Les hausses de coût sont cohérentes avec la structure de la dette


La remontée des taux d’intérêt survenue en 2022–23 après plusieurs années de taux bas et stables donne l’occasion de vérifier la relation attendue entre la variation du coût de la dette des entreprises et leur structure. Entre décembre 2021 et juin 2023, l’€STR, le taux au jour le jour qui sert de référence en zone euro, a augmenté de 4 points de pourcentage (pp). Conjointement, les taux moyens de la dette des entreprises ont augmenté dans tous les pays de la zone euro. L’ampleur de cette hausse varie de 0,8 pp pour la France à 3,3 pp pour l’Estonie (graphique 3). 
 

 

Image Graphique 3 : Hausse du taux moyen de la dette des entreprises par pays Thématique Dette Taux et cours Catégorie Bloc-notes Éco
Source : BCE (AnaCredit, CSDB), calculs des auteurs.
Note : Le taux d’intérêt moyen à chaque date est calculé en pondérant les taux applicables à chaque instrument de dette par les montants restant dus.

Le graphique 4 compare la hausse du taux moyen de la dette des entreprises de chaque pays entre décembre 2021 et juin 2023 avec leur structure synthétisée par un « facteur de révision » : il s’agit de la proportion d’encours dont les conditions de taux vont varier à un horizon de temps donné, soit parce qu’ils sont à taux variable, soit parce qu’ils devront être remboursés.

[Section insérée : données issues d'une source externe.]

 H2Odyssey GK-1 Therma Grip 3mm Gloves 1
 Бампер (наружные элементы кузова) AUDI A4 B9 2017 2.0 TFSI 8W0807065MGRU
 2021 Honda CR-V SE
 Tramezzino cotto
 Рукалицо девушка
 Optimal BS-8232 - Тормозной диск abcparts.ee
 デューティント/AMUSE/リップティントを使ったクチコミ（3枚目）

Le facteur de révision présenté en abscisse du graphique est calculé pour un horizon de 18 mois : il donne donc la proportion de la dette en décembre 2021 dont le taux ne serait plus applicable en juin 2023. Les pays de la zone euro présentent des facteurs compris entre 33% et 99%, cohérents avec la distribution des maturités médianes et des parts de dette à taux fixe.

Image Graphique 4 : Structure initiale de la dette et hausse des taux Thématique Dette Taux et cours Catégorie Bloc-notes Éco
Source : BCE (AnaCredit, CSDB), calculs des auteurs.
Note : La hausse du taux moyen est la différence entre le taux d’intérêt moyen calculé sur l’agrégat des entreprises de chaque pays au 30 juin 2023 et celui calculé au 31 décembre 2021.

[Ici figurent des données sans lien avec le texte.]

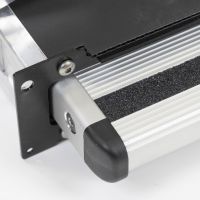 Marchepied coulissant Thule G2 12 V Type 400 Ducato Boxer Jumper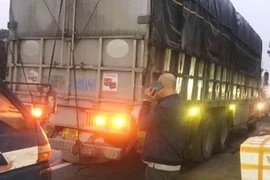 Vụ 2 bé tử vong do bị bánh ô tô văng trúng: Luật sư nói gì?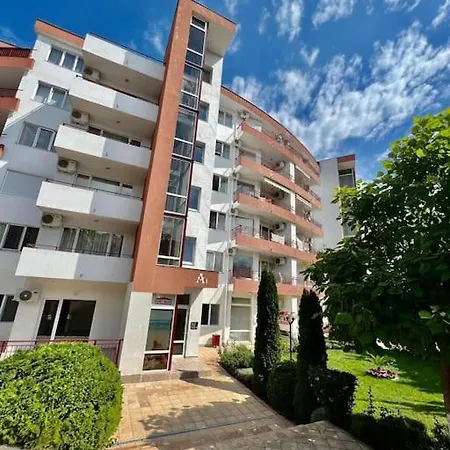 Riviera Fort Beach, Bulgaria Rawda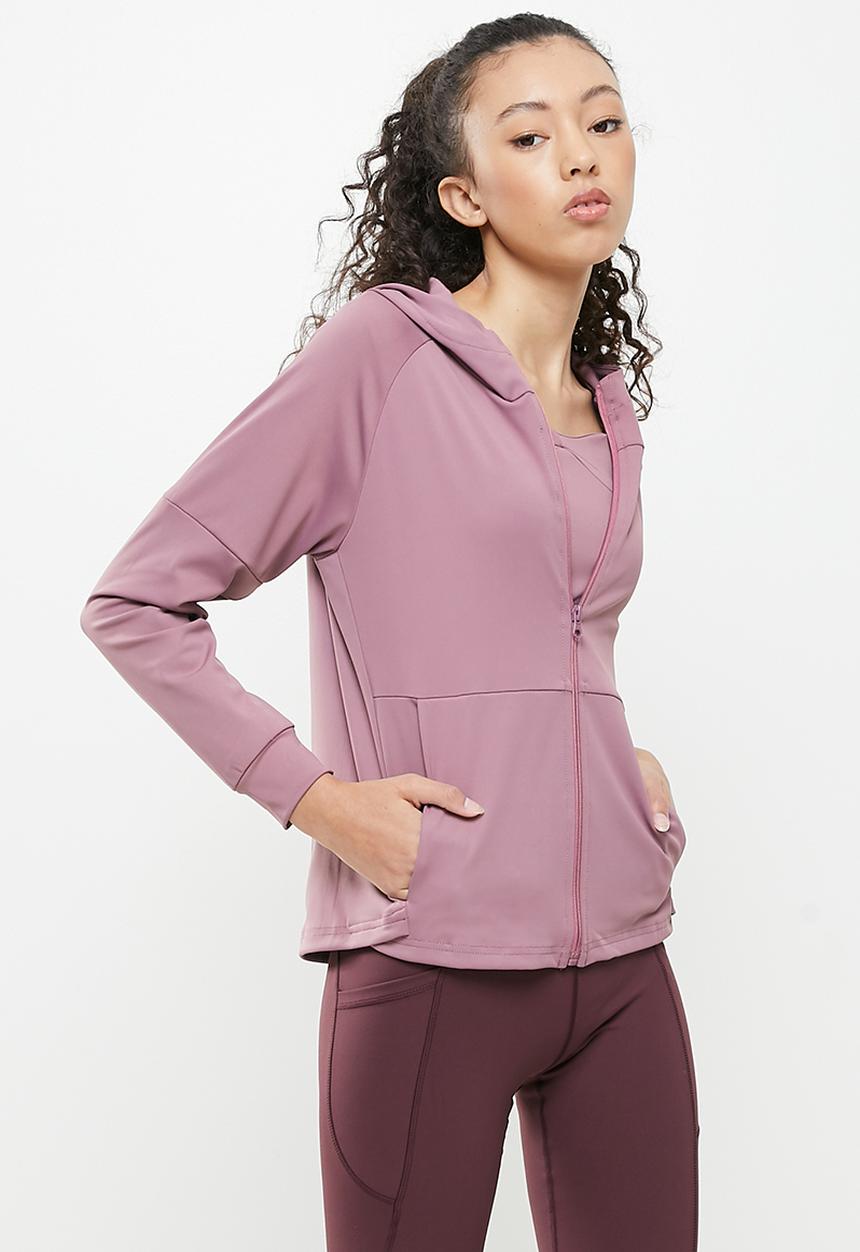 dailyfriday - Activewear jacket - purple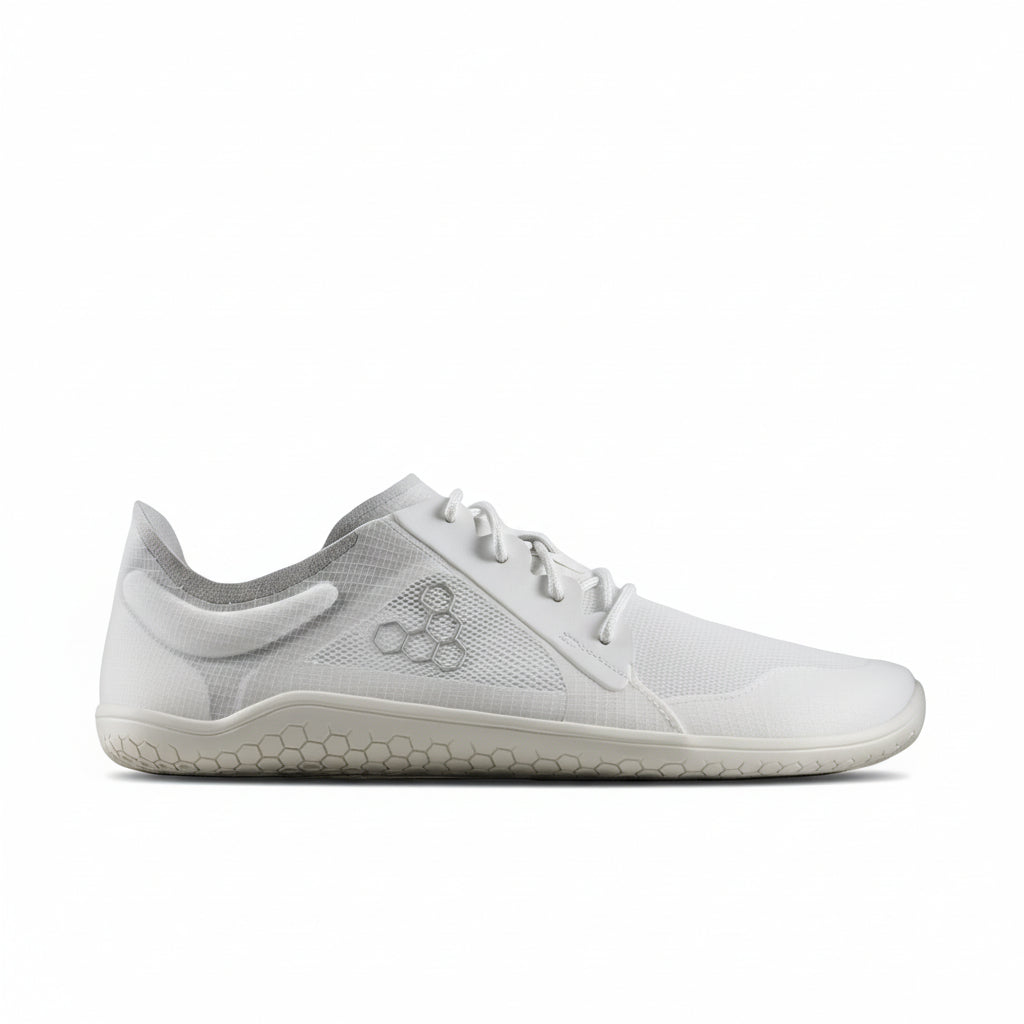Vivobarefoot Primus Lite IV Mens Barefoot Shoes - Mineral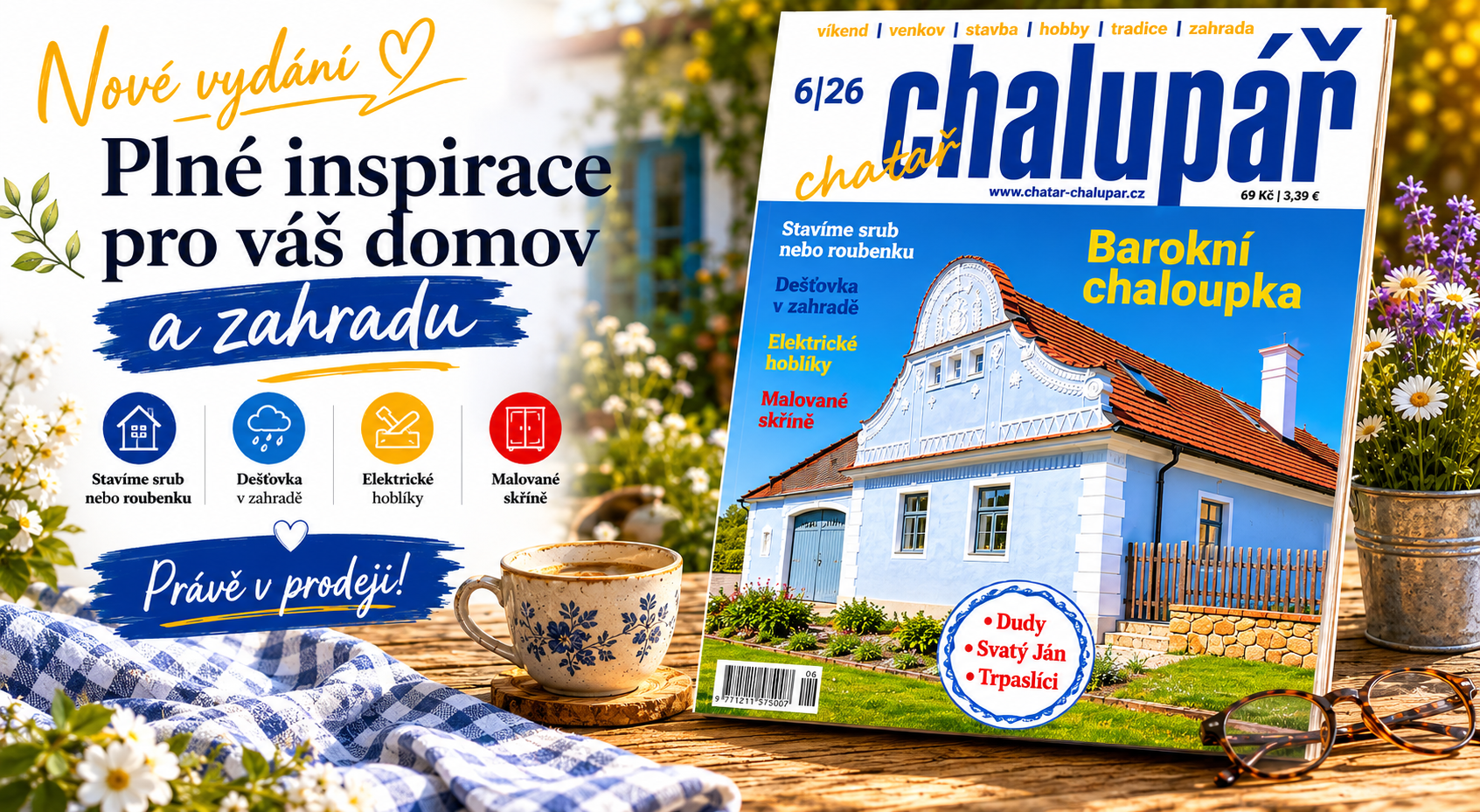 Chatař 06/26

La comparaison avec la hausse des taux réalisée sur la période fait ressortir une forte corrélation : la structure initiale de la dette des entreprises détermine largement la vitesse d’ajustement de leurs coûts lors de variations de taux, même si d’autres facteurs de différenciation, tels que les primes de risque, peuvent également entrer en jeu.

L’évolution du coût de la dette des entreprises par pays devrait continuer à dépendre de leur structure, qui s’est peu modifiée entre décembre 2021 et juin 2023. Ainsi, si les taux restent stables à leur niveau de 2023, le taux moyen de la dette dans les pays à faible facteur de révision devrait continuer à monter, à mesure du remboursement des emprunts à taux fixe peu coûteux contractés avant 2022. À l’inverse, les pays à fort facteur de révision ont déjà largement absorbé la hausse et devraient garder un taux constant : on peut donc s’attendre à une convergence progressive des taux moyens des différents pays. En cas de baisse des taux, ce sont les entreprises des pays à facteur de révision élevé qui devraient bénéficier le plus vite des nouvelles conditions.